We hatched out some eggs a couple months ago, and ended up with two bantam calico cochins, one cockerel and one pullet.  These birds are gorgeous and friendly, but I'm just not sure whether it's worth keeping them.  The rest of our flock currently consists of 25 standard size birds.  Some of those are cockerels who won't be with us much longer, but we do plan to try and keep a couple roos to hatch out our own replacement chickens.

I'm concerned that keeping a mixed-size flock is going to be detrimental over time if the bantam roos pass on their small egg genetics to our layers or if a bantam hen mates with a standard roo and becomes egg bound.    How much of a real issue is this?  

Also, I could keep the bantams in their own little flock away from the bigger birds, although I'm not sure I want to deal with the extra work that another coop will bring.  On the other hand, perhaps we could market the bantam eggs as a bit of a novelty.  Anyone here sell bantam eggs?  How does that market compare with the market for full size chicken eggs?

Finally, barn cats.  We have two cats who don't bother the full size chickens, but I wonder if they'll be more predatory toward the bantams.  Anyone have experience with bantams and cats?  How does it tend to work out?


----------



## Alaskan (Apr 10, 2018)

LMK17 said:


> I'm concerned that keeping a mixed-size flock is going to be detrimental over time if the bantam roos pass on their small egg genetics to our layers or if a bantam hen mates with a standard roo and becomes egg bound. How much of a real issue is this?



Yes, the bantam roo, if he breeds successfully  with the hens (for some bantam roos it can be difficult,  sometimes impossible to get good fertility on standard sized hens) the chicks you hatch have a chance of being smaller... and therefore also laying smaller eggs.   You probably do not want that.

A bantam hen being mated by a large rooster....  this will never result in the hen getting egg bound.  The hen could get damaged because the rooster is so heavy that he squished her.  When I mixed sized my standard roosters were large and clumsy and my bantam hens were nimble, quick, and great fliers... so the big rooster was never able to mate them... no issues.  Cochins however are not nimble or quick and I worry would get bred and squished by a standard rooster.

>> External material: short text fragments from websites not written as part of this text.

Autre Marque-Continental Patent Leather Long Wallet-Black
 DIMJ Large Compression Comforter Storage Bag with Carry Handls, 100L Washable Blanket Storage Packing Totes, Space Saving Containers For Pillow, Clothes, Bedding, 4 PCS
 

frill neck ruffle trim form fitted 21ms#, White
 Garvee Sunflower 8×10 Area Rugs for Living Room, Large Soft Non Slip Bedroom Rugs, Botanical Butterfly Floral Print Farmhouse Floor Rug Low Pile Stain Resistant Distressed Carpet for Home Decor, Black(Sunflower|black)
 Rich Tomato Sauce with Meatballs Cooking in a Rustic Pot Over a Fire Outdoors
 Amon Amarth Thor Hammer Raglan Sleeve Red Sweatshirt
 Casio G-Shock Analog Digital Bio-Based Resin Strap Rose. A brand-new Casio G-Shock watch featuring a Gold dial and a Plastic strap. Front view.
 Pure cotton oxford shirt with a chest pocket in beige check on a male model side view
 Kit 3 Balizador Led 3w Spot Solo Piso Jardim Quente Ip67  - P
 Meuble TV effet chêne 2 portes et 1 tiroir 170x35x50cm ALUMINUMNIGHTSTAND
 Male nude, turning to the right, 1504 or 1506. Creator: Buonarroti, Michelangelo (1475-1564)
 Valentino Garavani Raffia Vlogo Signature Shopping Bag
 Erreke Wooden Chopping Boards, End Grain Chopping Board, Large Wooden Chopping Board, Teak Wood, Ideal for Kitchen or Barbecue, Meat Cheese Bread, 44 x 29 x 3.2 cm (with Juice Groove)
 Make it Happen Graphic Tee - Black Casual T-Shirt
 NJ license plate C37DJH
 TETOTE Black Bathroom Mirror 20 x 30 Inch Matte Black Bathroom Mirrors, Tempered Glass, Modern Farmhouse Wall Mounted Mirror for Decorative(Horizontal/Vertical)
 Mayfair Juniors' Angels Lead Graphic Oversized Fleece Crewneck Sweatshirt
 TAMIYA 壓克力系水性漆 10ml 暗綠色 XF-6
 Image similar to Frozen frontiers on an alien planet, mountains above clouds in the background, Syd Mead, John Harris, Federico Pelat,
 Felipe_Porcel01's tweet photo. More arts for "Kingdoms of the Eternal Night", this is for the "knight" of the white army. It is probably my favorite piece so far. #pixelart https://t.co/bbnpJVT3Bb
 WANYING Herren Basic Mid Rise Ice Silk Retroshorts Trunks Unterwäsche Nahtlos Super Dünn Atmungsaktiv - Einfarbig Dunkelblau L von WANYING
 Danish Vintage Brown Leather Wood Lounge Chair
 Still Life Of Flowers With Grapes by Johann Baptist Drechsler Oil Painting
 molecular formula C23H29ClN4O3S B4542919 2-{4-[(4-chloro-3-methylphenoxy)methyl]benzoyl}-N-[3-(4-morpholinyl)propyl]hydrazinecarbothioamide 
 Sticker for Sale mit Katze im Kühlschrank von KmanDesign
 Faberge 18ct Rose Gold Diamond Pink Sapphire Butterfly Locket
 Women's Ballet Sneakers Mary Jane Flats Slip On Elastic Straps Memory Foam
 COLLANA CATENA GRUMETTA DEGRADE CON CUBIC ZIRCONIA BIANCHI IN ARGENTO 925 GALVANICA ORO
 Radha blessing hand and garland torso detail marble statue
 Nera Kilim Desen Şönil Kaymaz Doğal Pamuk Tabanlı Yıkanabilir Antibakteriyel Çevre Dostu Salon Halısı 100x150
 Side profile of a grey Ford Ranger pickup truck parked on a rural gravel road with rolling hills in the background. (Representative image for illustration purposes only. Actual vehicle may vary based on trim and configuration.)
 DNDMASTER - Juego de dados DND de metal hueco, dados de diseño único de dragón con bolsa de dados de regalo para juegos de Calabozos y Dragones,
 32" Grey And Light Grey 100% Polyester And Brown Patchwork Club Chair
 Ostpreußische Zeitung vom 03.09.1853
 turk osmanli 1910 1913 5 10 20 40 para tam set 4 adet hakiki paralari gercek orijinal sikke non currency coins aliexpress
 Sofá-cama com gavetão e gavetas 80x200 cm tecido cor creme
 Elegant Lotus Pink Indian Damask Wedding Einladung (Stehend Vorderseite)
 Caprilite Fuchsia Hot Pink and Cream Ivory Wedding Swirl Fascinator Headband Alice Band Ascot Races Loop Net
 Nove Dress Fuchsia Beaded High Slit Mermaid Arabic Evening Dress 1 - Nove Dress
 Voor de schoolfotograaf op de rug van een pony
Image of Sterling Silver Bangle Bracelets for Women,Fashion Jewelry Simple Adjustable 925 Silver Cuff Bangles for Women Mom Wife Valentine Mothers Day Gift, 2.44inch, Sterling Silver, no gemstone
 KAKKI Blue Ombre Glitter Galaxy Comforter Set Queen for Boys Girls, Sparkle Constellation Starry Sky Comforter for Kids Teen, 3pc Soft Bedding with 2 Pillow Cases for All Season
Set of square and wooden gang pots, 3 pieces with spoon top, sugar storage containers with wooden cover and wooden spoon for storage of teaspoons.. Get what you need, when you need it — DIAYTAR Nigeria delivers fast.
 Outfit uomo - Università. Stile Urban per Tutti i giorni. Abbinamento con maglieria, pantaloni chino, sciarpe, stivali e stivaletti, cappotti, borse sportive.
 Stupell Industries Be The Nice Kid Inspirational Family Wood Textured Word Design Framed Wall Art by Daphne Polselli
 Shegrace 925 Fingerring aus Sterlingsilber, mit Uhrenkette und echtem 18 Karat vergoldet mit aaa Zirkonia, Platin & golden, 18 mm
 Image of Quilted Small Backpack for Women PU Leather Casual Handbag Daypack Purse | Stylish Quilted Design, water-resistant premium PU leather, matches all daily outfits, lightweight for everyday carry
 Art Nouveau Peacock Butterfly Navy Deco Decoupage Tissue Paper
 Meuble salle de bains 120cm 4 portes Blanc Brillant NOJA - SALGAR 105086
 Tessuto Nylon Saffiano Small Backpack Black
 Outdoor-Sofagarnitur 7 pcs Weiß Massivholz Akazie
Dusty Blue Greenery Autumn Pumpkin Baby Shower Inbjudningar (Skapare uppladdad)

I only ever had 1 customer want bantam eggs (her son thought they were cute and so was happy to eat them).  Other than that eggs are mostly sold by size/weight... so a carton of bantam eggs costs less... and most people like full size eggs.


no idea about the cats.


----------



## LMK17 (Apr 10, 2018)

Oh, duh about the bantam hen/standard roo...  Of course she wouldn't produce large eggs since her "egg genetics" are already determined.  I knew that. 

I would price the bantam eggs lower than the standard eggs.  I was just wondering if anyone here has seen a market for "cute" little bantam eggs...  As a novelty more than anything; something to make you stand out from the other egg sellers.  Interesting that you only have 1 interested customer.

Thanks for the reply.


----------



## Alaskan (Apr 10, 2018)

yep...  I sell bantam and regular. ...  but no one else prefered the bantam


----------



## babsbag (Apr 10, 2018)

I eat the bantam eggs and sell the standard ones. I started with 9 bantams 8 years ago and still have that gene floating around in my flock. But during the winter they lay faithfully and I am more than happy to not have to buy eggs.


----------



## LMK17 (Apr 10, 2018)

Really, they lay all winter?  That would certainly be reason enough to keep them around!  I actually had not heard that bantams tend to lay year-round.  Is that a recognized bantam trait?  Do they lay though the molt?

Also a good idea to sell the standard eggs and eat the bantam ones.


----------



## Alaskan (Apr 11, 2018)

Eh.... I think it is more a breed thing...  than a bantam verses standard thing...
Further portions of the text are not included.